Task -> From the material below, set down exactly the lines that run from the one containing "Car Seat Covers, Premium" to the one containing "Jim Baldwin - Triple", minus the pictures.

---

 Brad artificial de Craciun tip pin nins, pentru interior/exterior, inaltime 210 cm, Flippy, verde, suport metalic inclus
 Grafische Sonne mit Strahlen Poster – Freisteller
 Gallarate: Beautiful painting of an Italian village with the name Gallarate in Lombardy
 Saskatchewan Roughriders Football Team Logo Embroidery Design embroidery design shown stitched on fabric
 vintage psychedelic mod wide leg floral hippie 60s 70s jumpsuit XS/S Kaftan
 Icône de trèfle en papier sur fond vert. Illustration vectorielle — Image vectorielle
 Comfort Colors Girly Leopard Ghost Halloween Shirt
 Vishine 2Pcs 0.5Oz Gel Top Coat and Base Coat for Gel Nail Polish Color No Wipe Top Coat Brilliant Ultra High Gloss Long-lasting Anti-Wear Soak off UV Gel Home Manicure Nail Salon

---

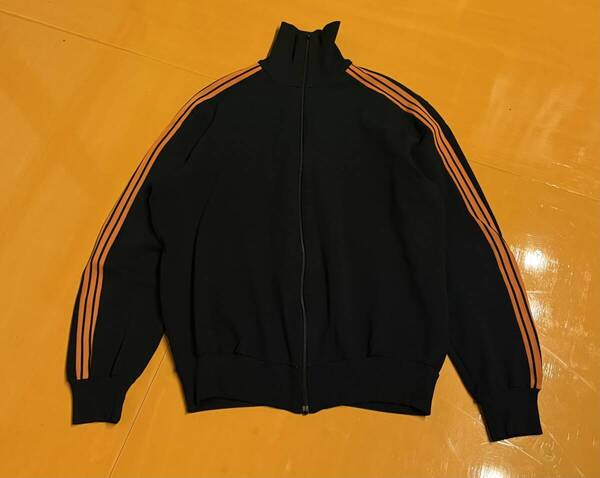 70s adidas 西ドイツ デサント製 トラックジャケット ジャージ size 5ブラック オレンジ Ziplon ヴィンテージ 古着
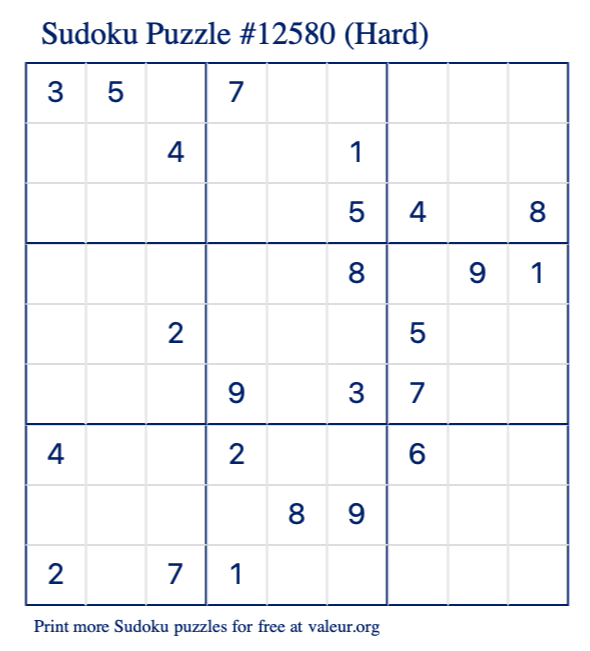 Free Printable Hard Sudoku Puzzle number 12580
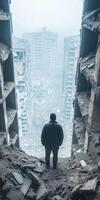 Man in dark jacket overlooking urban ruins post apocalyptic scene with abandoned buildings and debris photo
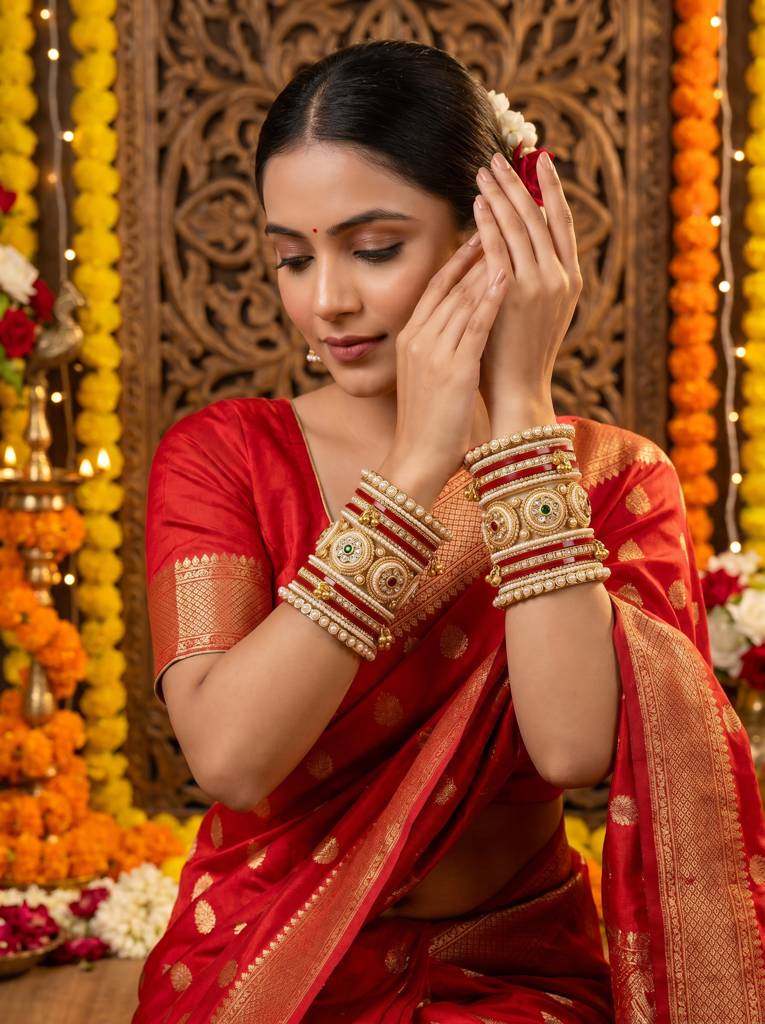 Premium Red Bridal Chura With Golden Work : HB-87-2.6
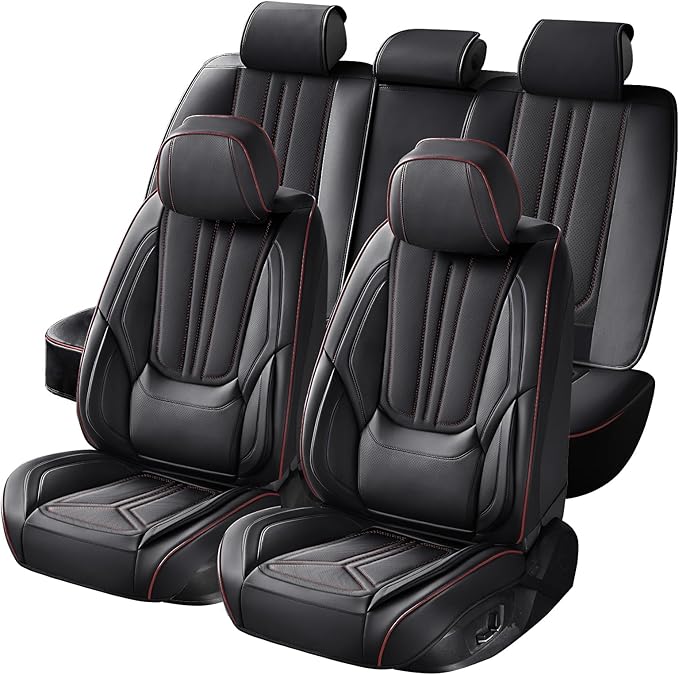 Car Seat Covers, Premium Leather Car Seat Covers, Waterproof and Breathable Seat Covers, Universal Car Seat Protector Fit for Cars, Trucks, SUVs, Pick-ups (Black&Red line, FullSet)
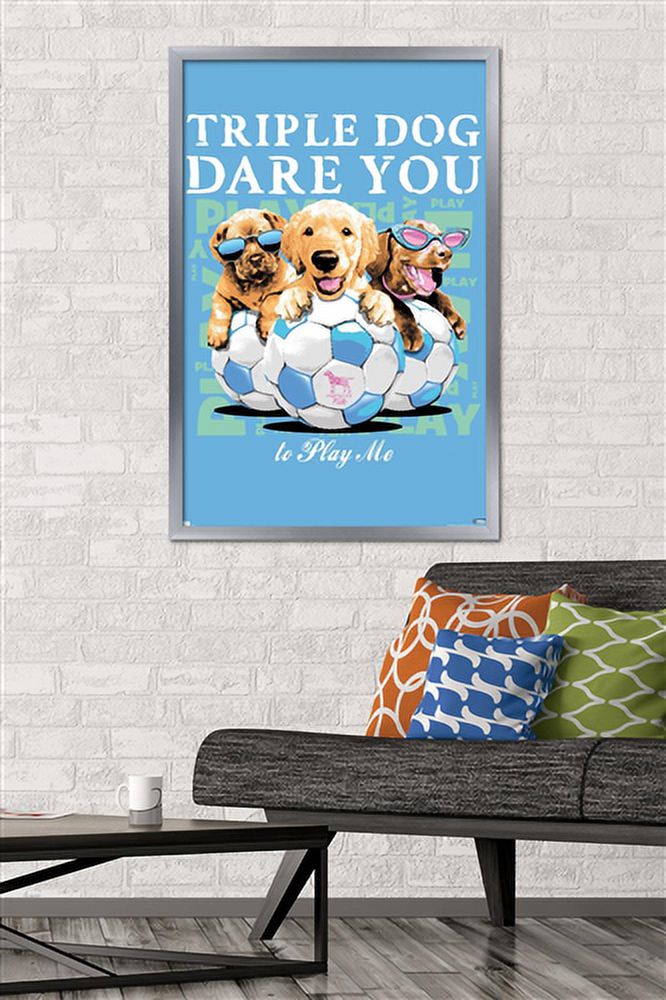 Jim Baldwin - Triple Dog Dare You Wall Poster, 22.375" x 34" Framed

---

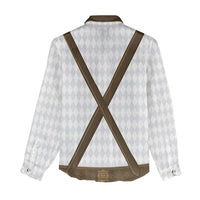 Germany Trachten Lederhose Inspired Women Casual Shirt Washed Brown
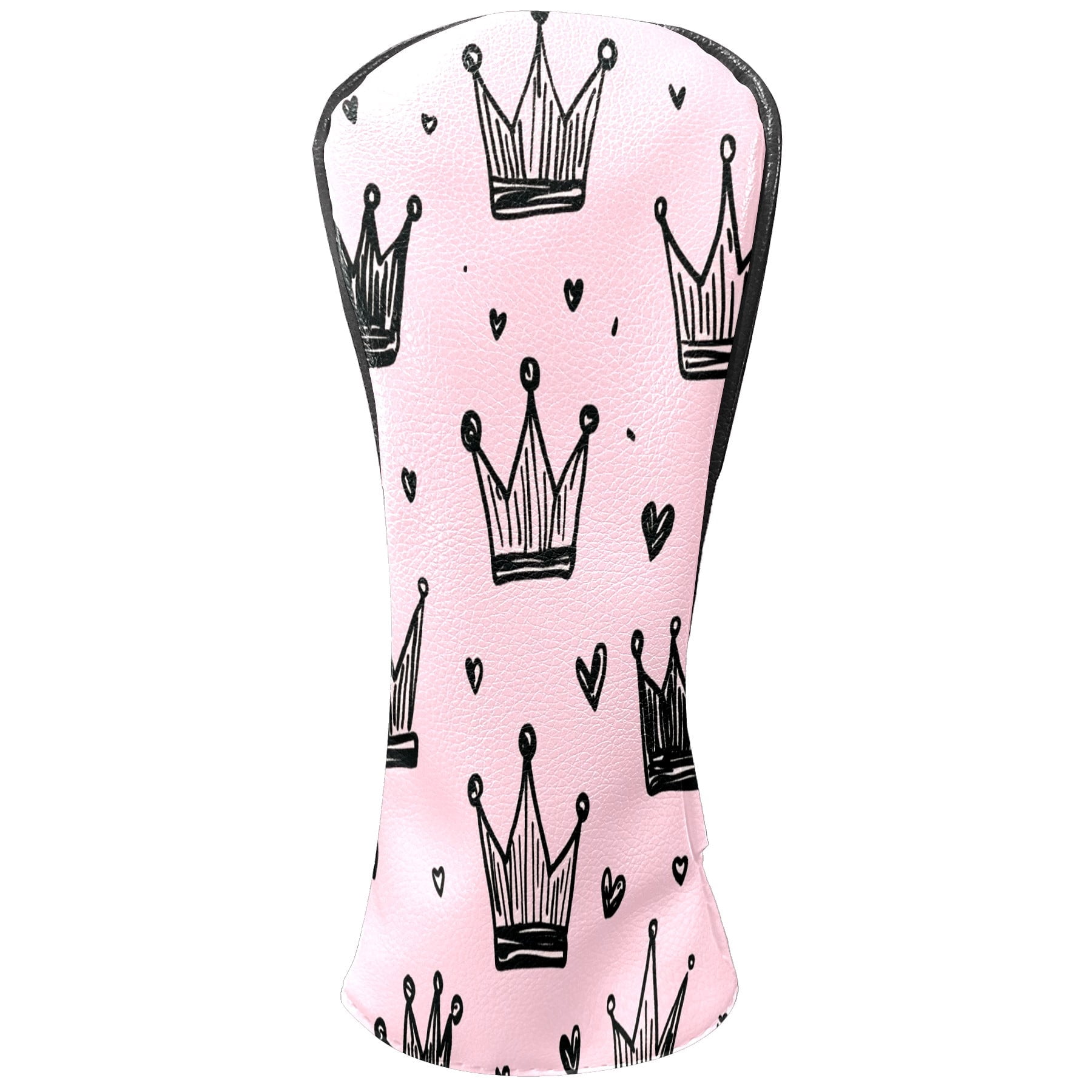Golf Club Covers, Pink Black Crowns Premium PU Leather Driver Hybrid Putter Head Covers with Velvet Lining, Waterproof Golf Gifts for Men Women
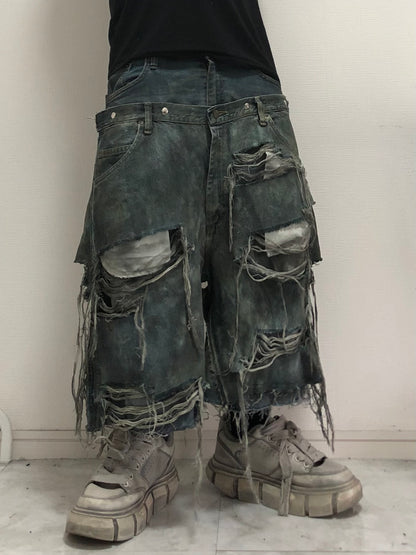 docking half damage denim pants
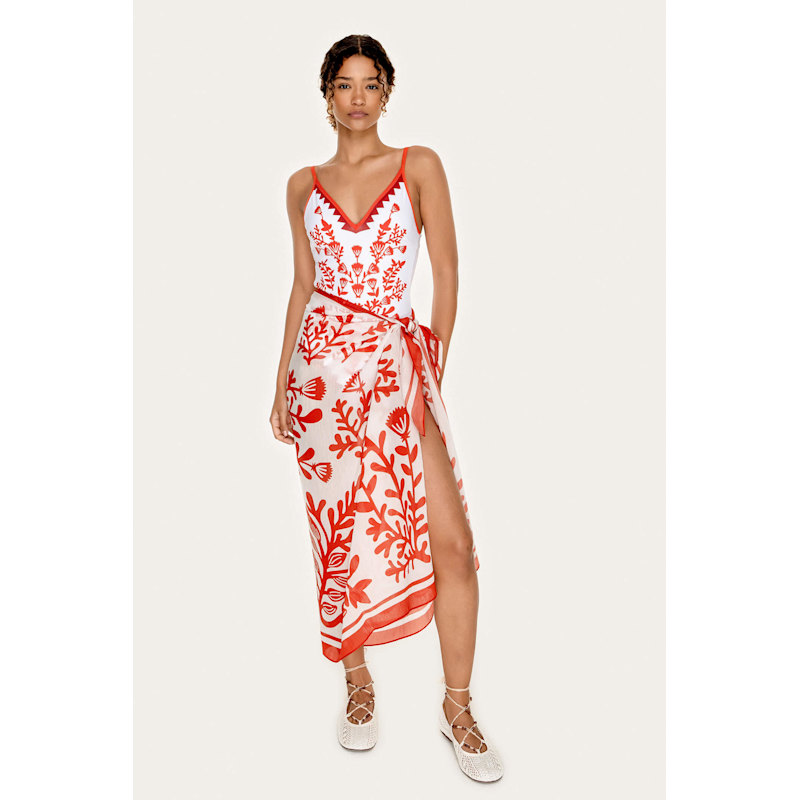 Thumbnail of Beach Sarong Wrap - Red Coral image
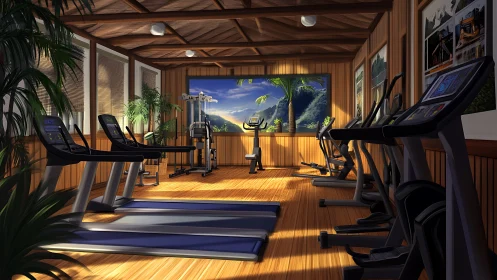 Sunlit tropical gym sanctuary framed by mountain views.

---

Finished exercise ->
 Car Seat Covers, Premium Leather Car Seat Covers, Waterproof and Breathable Seat Covers, Universal Car Seat Protector Fit for Cars, Trucks, SUVs, Pick-ups (Black&Red line, FullSet)
 Jim Baldwin - Triple Dog Dare You Wall Poster, 22.375" x 34" Framed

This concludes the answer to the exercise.